来日ツアー中のフィンランド放送響の川崎公演です。十八番のシベリウスから、特に名高い交響曲第2番をメインとしたプログラムでした。



定評のあるオラモとフィンランド放送響のコンビを聴いたのは今回が初めてでしたが、思っていたよりもはるかに力強く、またどこか粗さも感じさせるほどエネルギッシュな音楽を聴かせてくれました。まさに煽り立てるようなオラモの指揮によるものなのか、金管は吼え、時にティンパニは雷鳴の如く響き渡ります。そしてヴァイオリンは冷ややかでありながらも音に厚みがあり、コントラバスは殆どゴリゴリとうなるほど鈍く轟きました。もちろんそんな中でも、例えばシベリウスの第2番の冒頭の主題などで、その独特なリズムと響き(何やら大地がうごめくような律動を持ち、それでいて木立に風が駆け抜けるような感覚を思います。)が実現されているのです。シベリウスの語り口は既に十全に内包された上で、さらにそこから放たれる強い情熱を感じさせる演奏だったとも言えるのではないでしょうか。純度の高い美感や合奏の精度よりも、その表現の志向や音楽を超えた意思が追求されています。第4楽章にて歌われる高らかな讃歌が、あれほど激しく、またドロドロとうねるように鳴っていたのには驚かされました。ここに、北欧の風を感じるような冷ややかなシベリウス像はなく、むしろシューマンのシンフォニーがさらに破滅的に解体されたような、極めて主観的な音楽が生み出されています。シベリウスを聴いて、その響きにどこか背筋が寒くなるような薄気味悪さを感じたのは初めてです。少なくとも有りがちなシベリウスのイメージは吹き飛んでいました。
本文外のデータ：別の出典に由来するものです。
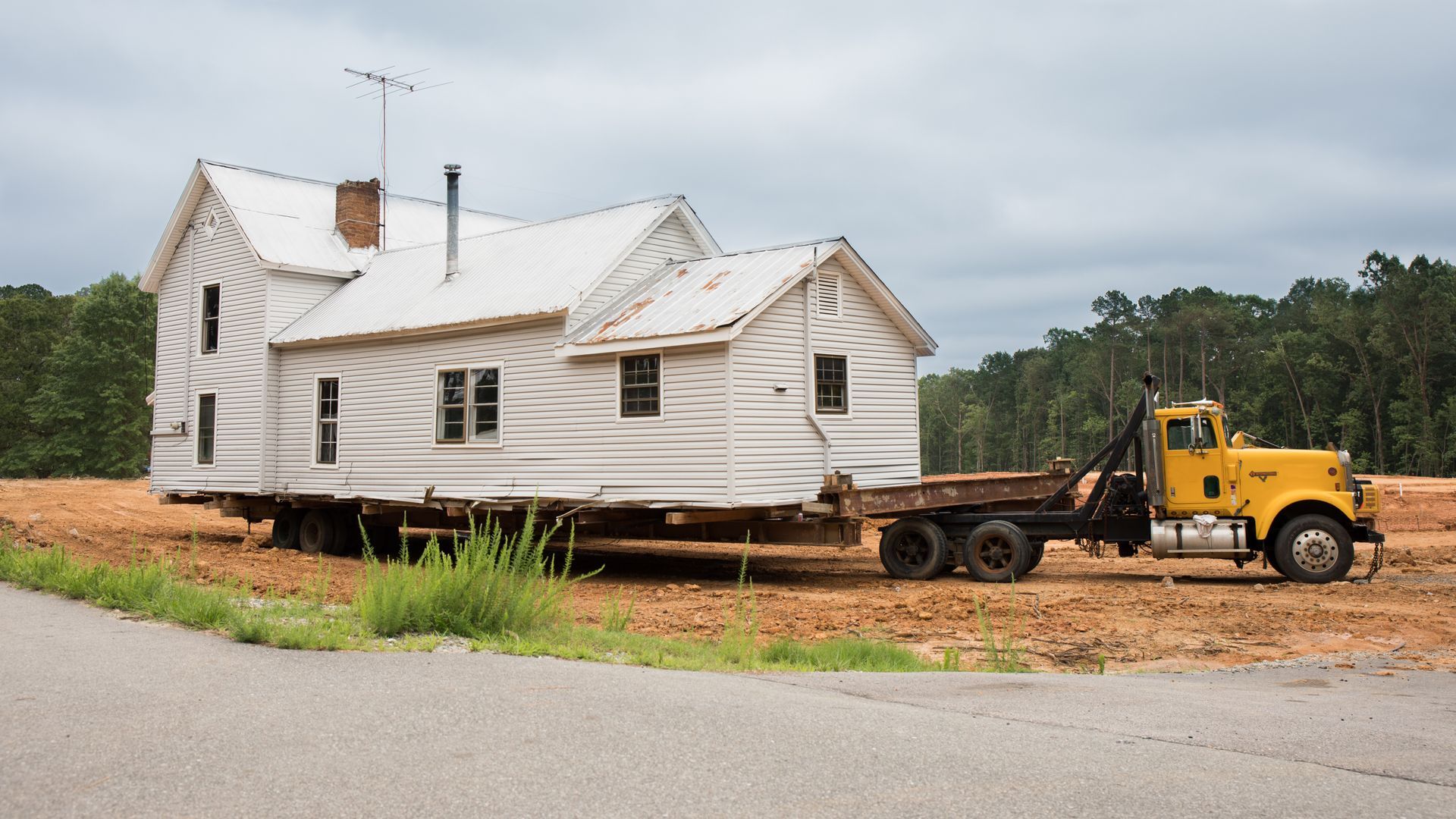 An all-white house being transported on the back of a truck.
フリューゲルホルンの名手、ナカリャコフを迎えての変奏曲は、全く危なげのない充実した演奏です。ここでは、さすがのオラモもシベリウスで見せるような情熱を控え、ひたすらナカリャコフのサポートに徹します。フィンランド放送響は、ピアニッシモでも比較的響きが強いオーケストラです。単にか弱い音になるのではなく、しっかりとした音の面を構築してホルンを支えていました。

アンコールは続いて2曲も演奏されました。(グリーク「ペールギュント」より「朝」と、シベリウスの「悲しきワルツ」です。)ここでは、やはり後者の「悲しきワルツ」が秀逸です。決して華やかな曲ではありませんが、オラモは音楽を大きくまとめ上げて、雄大で恰幅の良いワルツを披露してくれます。彼にはもっと颯爽とした、スマートな音楽をつくるイメージがありましたが、少なくともこの日の演奏を聴く限りでは違ったようです。アタックも強く、前へ前へと畳み掛けるように音楽を進めますが、時折意表を突くかのように流れを止め、その断絶より生み出される不思議な緊張感を音楽に与えます。ワルツでも、単に音を流麗に奏でるのではなく、むしろ静と動の交錯する、随所に仕掛けの施された演奏になっていました。

シベリウスの音楽を抉りに抉った、オラモの力業を堪能出来るようなコンサートだったと思います。これは是非、他の交響曲も聴いてみたいです。
コメント ( 6 ) | Trackback ( 0 )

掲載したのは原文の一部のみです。